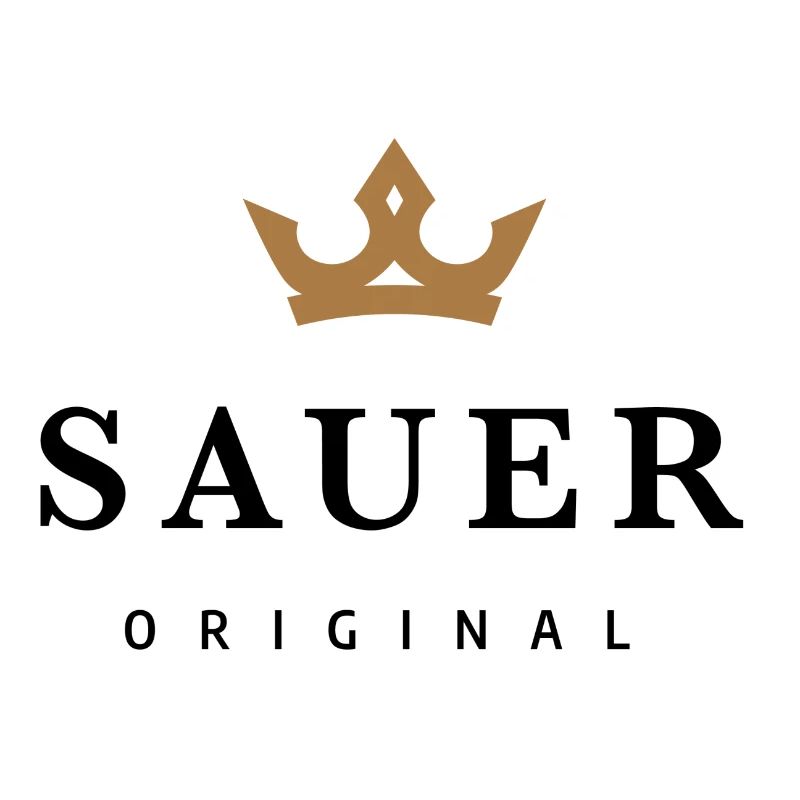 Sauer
* * *
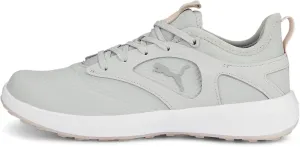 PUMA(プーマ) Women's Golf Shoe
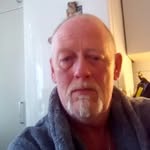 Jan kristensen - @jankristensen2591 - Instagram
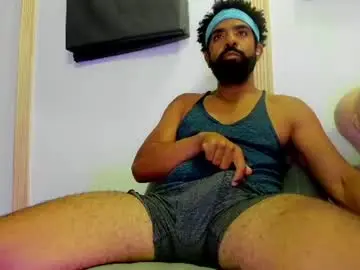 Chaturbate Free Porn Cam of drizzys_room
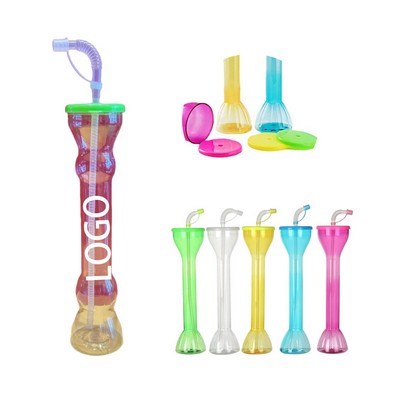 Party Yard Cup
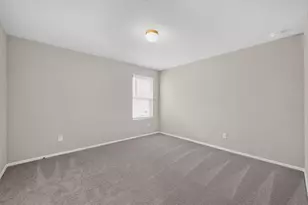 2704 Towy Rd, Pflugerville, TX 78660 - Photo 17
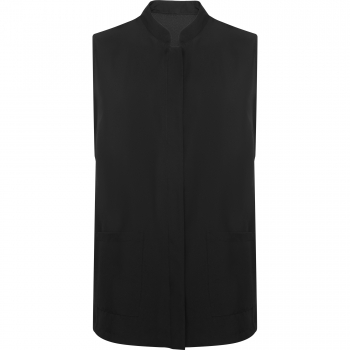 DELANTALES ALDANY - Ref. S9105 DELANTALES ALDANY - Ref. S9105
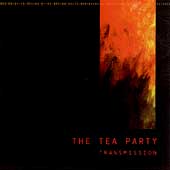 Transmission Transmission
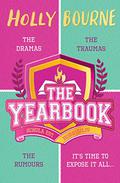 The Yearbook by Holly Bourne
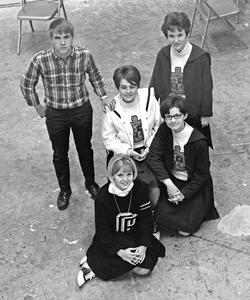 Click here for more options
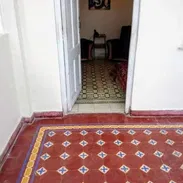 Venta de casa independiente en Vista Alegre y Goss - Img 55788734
...
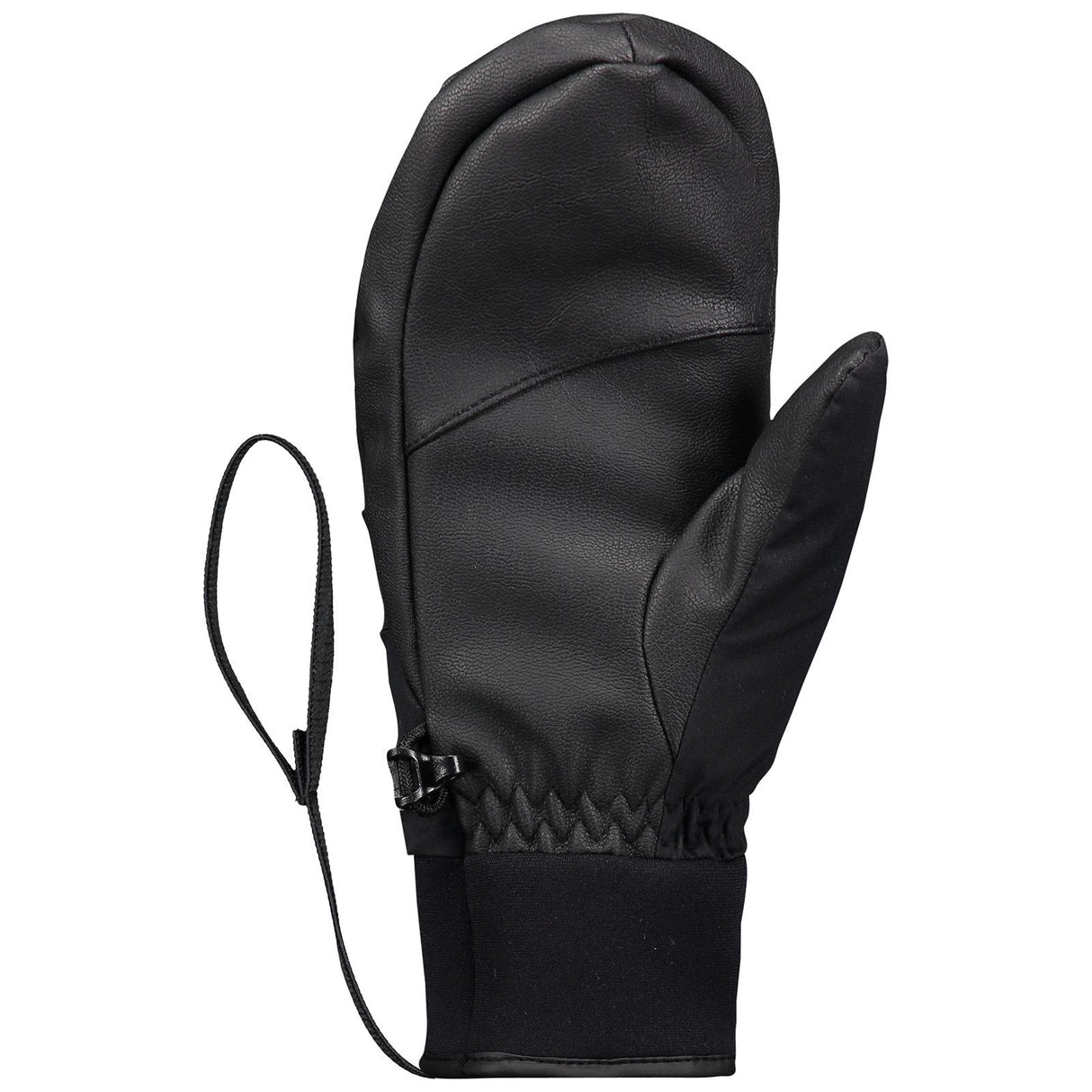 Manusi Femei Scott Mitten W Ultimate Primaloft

= YOUR GOAL =
With the pictures left out, write out exactly the lines above from the one containing "2704 Towy Rd, Pflugerville, TX" through the one containing "Venta de casa".

= ANSWER SECTION =
 2704 Towy Rd, Pflugerville, TX 78660 - Photo 17
 DELANTALES ALDANY - Ref. S9105 DELANTALES ALDANY - Ref. S9105
 Transmission Transmission
 The Yearbook by Holly Bourne
 Click here for more options
 Venta de casa independiente en Vista Alegre y Goss - Img 55788734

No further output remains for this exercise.